In those long stretches of quarantime, the tracks they returned from Japan with had distinct moods but not yet any lyrics. (Kurihara works best when trying to conjure a specific feeling or natural image—after all, he did once make a solo record, Sunset Notes, on which every song was based on a different sunset he’d witnessed—and Naomi was happy to help: “This song’s about early morning, but there’s a little fog, but plants on the ground shining with some cold dew….”) How to write about the pandemic? How to not write about the pandemic? Naomi first struck upon the appropriate tone when re-reading the journals of one of her favorite abstract painters, Charles Burchfield. She arranged this found language into the lyrics of the iridescent “Season Without Time,” which also became a tribute to a friend that she and Damon had lost in the last year. “As I was writing,” she said, “I felt like this was what I could give to them that I thought would have meaning, and that was a song.”

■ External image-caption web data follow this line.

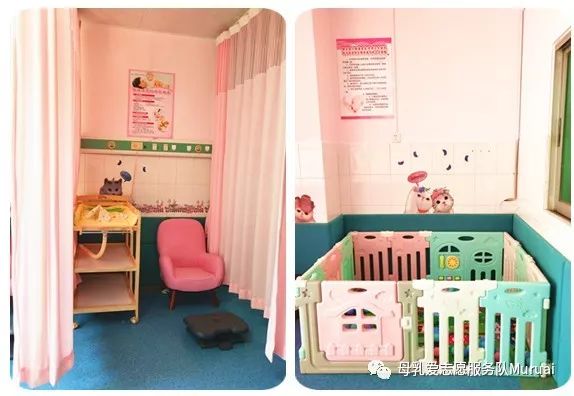 新一季春运，暖一年出行｜广州公共场所母婴室又添新服务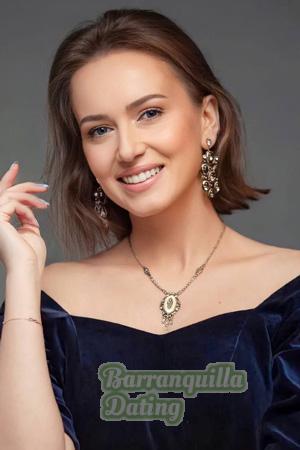 Ladies of Eastern-Europe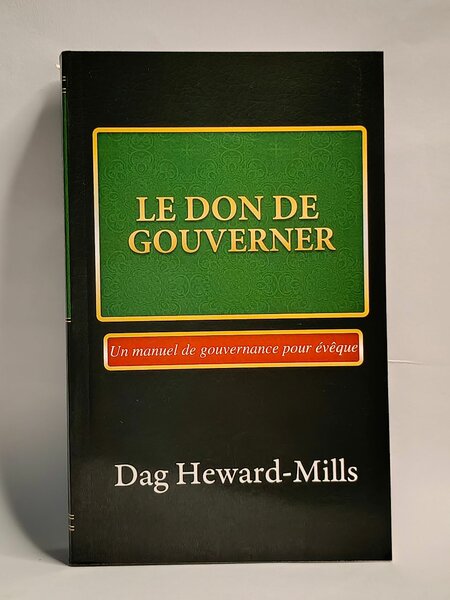 Leadership Gift Manual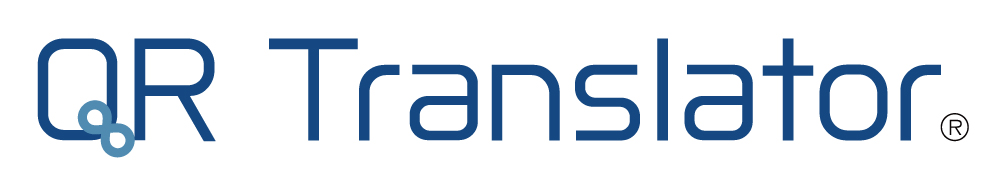QRTranslator
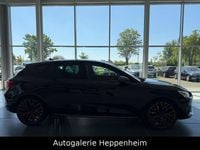 Gebraucht Cupra Leon VZ 245 PS (180 kW) 2022 Schwarz Limousine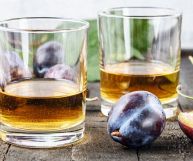 il liquore alla frutta è un ingrediente ottimo per tante ricette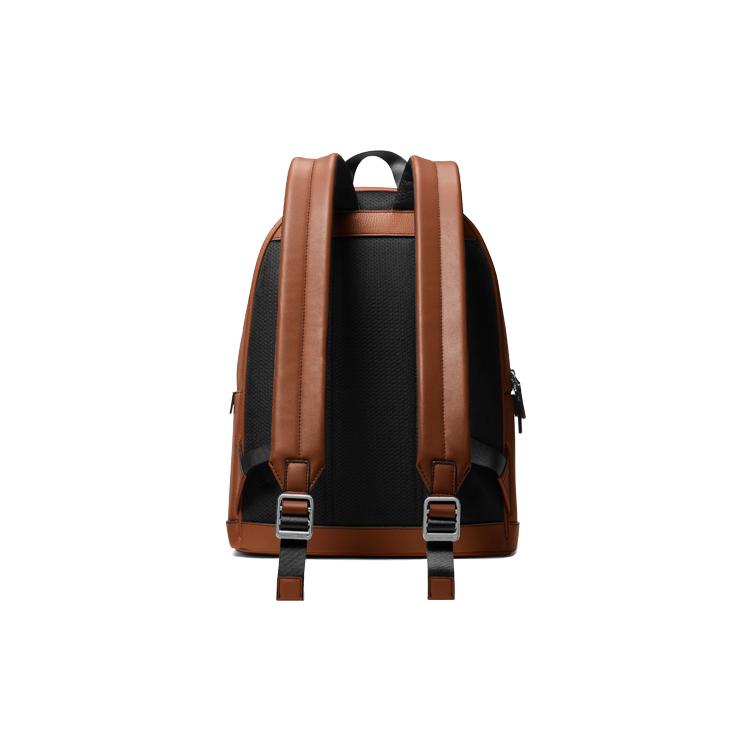 Michael Kors Рюкзак для commuters из зернистой кожи Cooper 37S4LPCB8L-230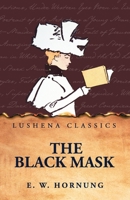 The Black Mask B0GV1RD6WC Book Cover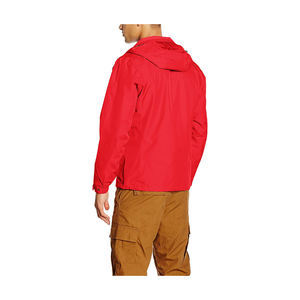 2024 Men's Cyclone <b>Windbreaker</b> Jacket for Hiking <b>Camping</b> and Outdoor Activities - Product Image 4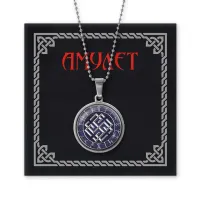 Славянский амулет Родимыч AMN-056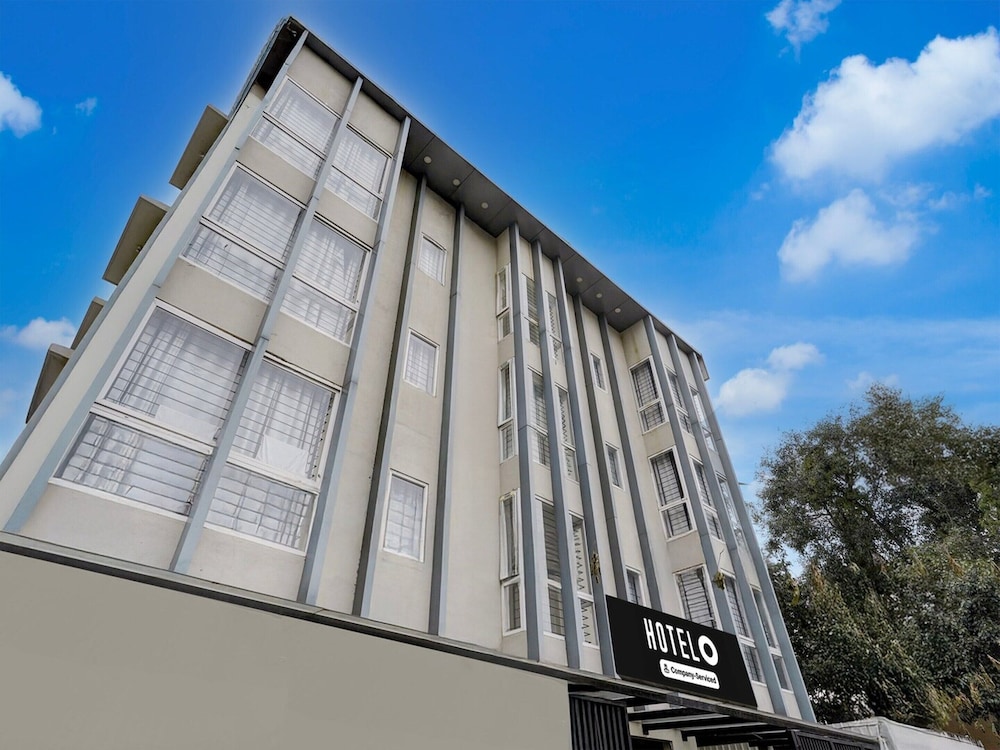 Deluxehotel Gurudev Residency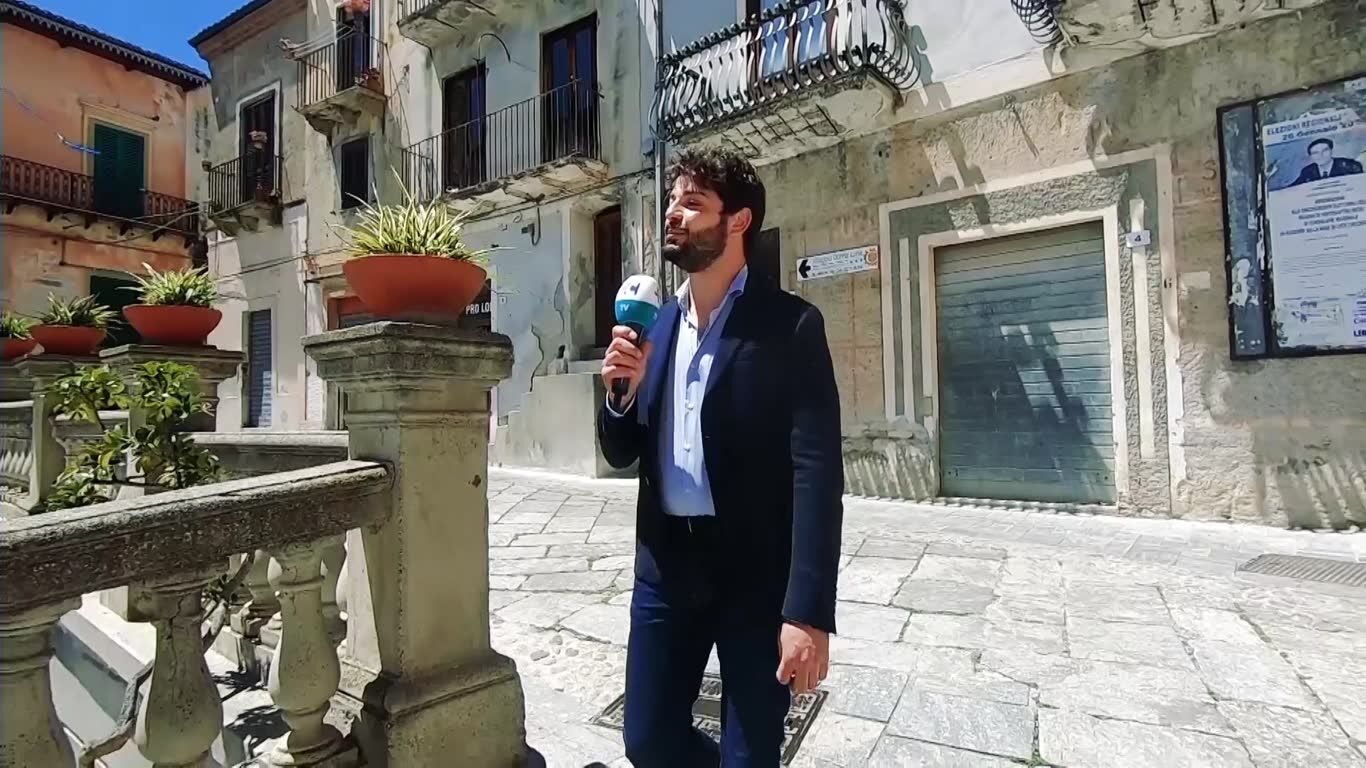 Cantamu e Sonamu – Radici: il nuovo format di LaC Tv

From there, the floodgates opened. The wistful and watery “Midnight” (electrified, towards the end, by the slow screams of a Kurihara solo) conjures Naomi’s nostalgia for youthful summers spent at Jones Beach, while the gentle current of “Sailing By” pays homage to those ritualistic BBC Shipping Forecasts and the waltzing, quintessentially British theme song from which it takes its name.

“Has the storm truly passed?” Naomi sings with relatable apprehension on “The Aftertime.” “Is it morning at last?” We wondered the same thing from our respective video screens that spring morning, hopeful if a little wary that life was once again speeding up too quickly—an omniscient hand suddenly shaking the stopped-up hourglass. None of us wanted to romanticize a time that had been marked by such widespread loss and enduring grief. But we had to admit there were lessons from the past year we wanted to retain, artifacts we wanted to keep with us.

So here is A Sky Record, a lasting document of those slow days that moved like an unperturbed ocean, “a meditative space,” as Damon and Naomi call it, to crawl inside whenever it once again seems like the current is moving too quickly. For what is a record—even a digital one—if not an hourglass that makes sound? Flip it over and see.